| YOUR OBJECTIVE |
Could you restate word for word each line from the top of the listing below through the line containing "Aqua Marina Ray&nbsp;iSUP"? Keep the pictures out.

| DATA |

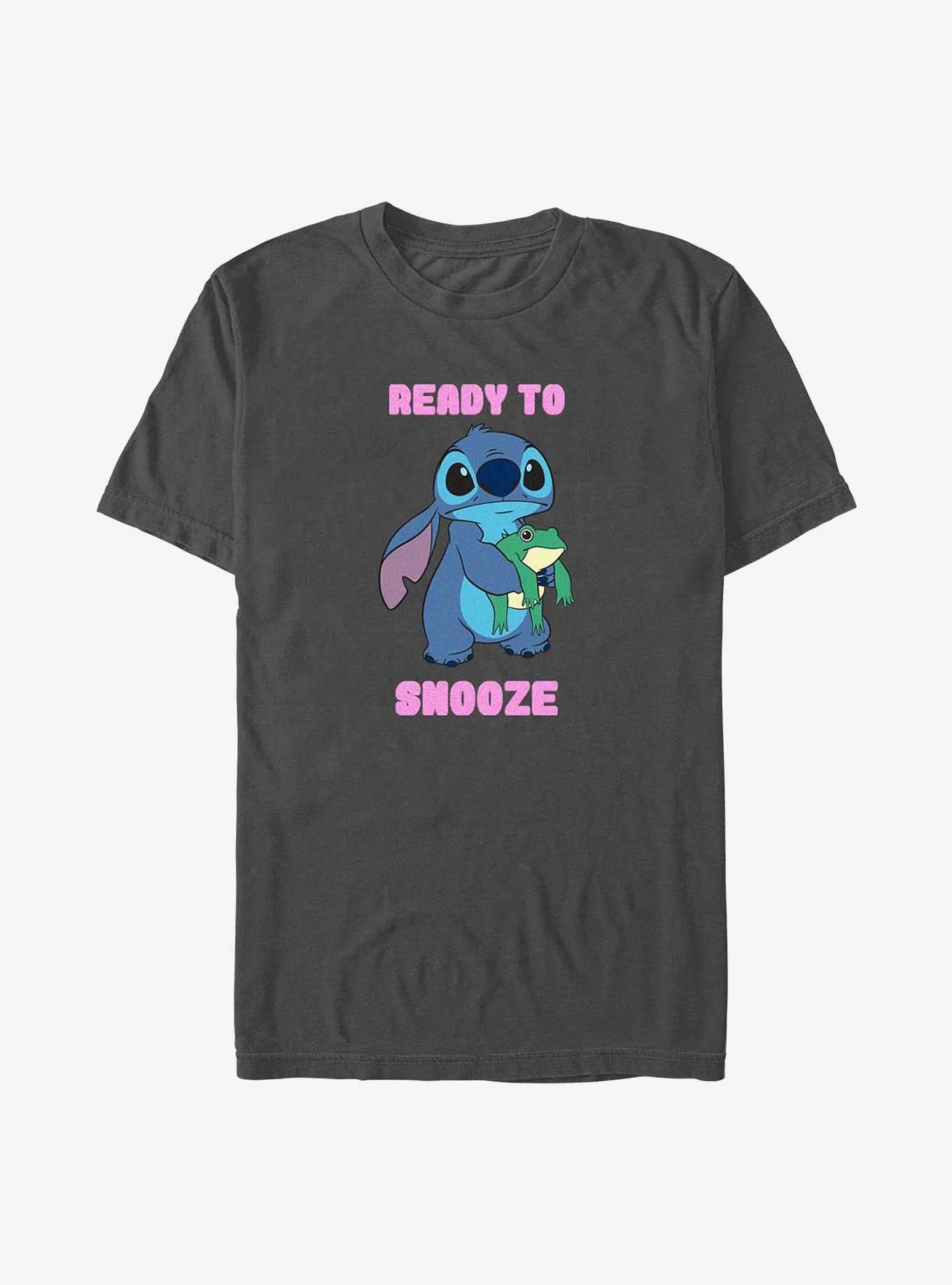 Disney Lilo Stitch Ready To Snooze T-Shirt T-Shirt | High-Quality Print | Great Gift Idea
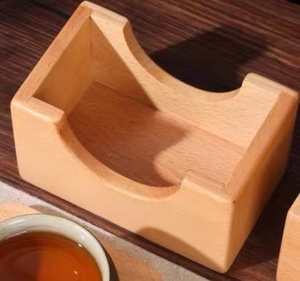 Offre Spéciale – Sous-verre en bois de hêtre de 8 mm d'épaisseur, éco-responsable, design simple et moderne, pour boissons, thé, café, vierge et uni - Product Image 4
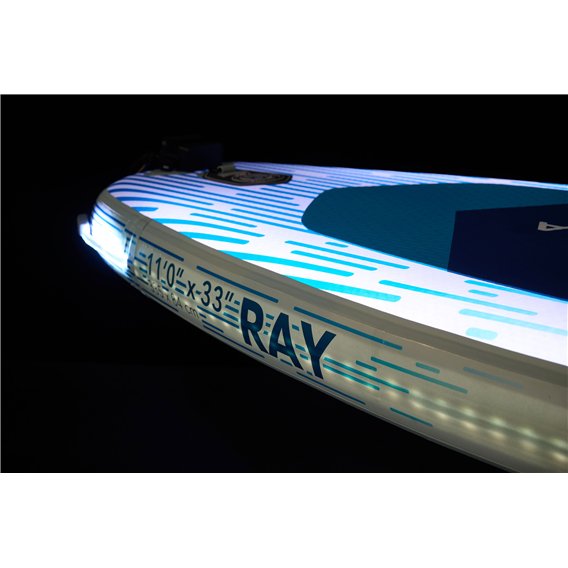 Aqua Marina Ray&nbsp;iSUP 11'0" aufblasbares Stand Up Paddle Board mit Beleuchtungssystem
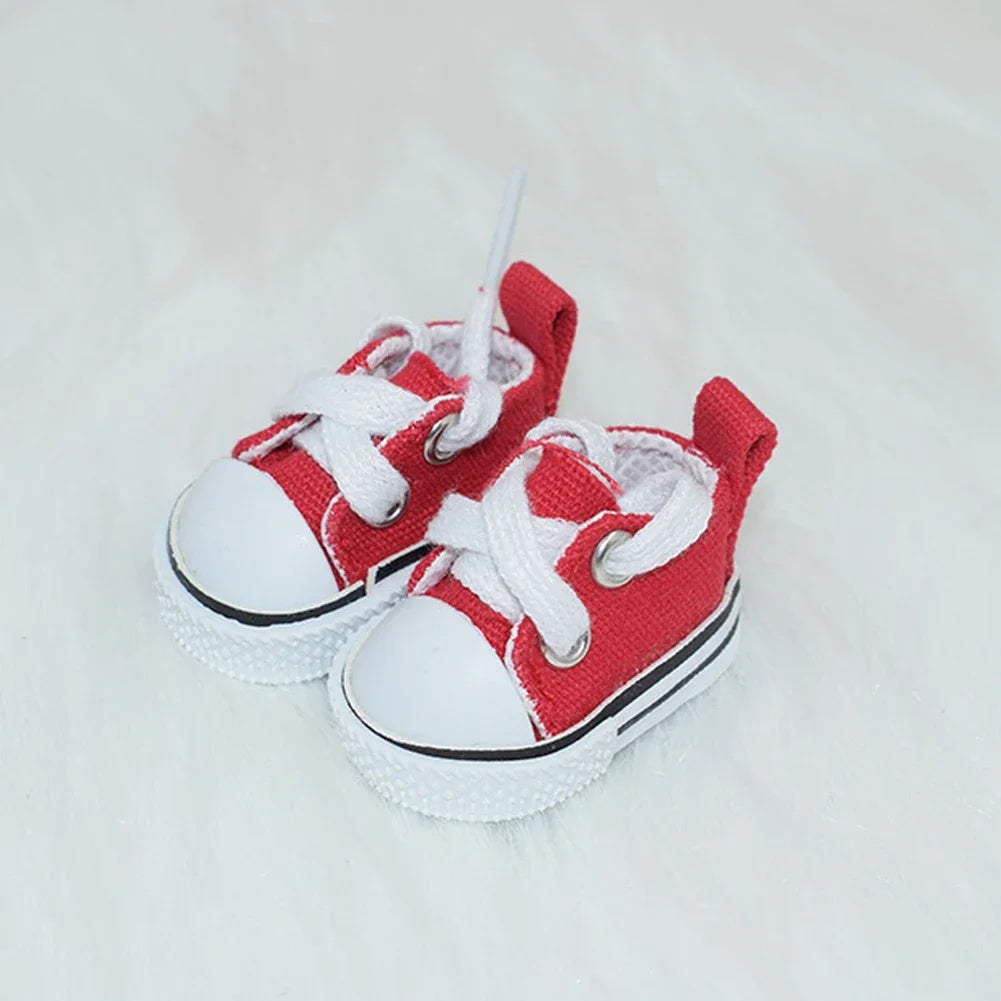 Labubu 17cm Cotton Dolls Shoes Toys Casual Sports Shoes Dolls Accessories for Labubu Outfits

| SOLUTION TO THE EXERCISE |
 Disney Lilo Stitch Ready To Snooze T-Shirt T-Shirt | High-Quality Print | Great Gift Idea
 Offre Spéciale – Sous-verre en bois de hêtre de 8 mm d'épaisseur, éco-responsable, design simple et moderne, pour boissons, thé, café, vierge et uni - Product Image 4
 Aqua Marina Ray&nbsp;iSUP 11'0" aufblasbares Stand Up Paddle Board mit Beleuchtungssystem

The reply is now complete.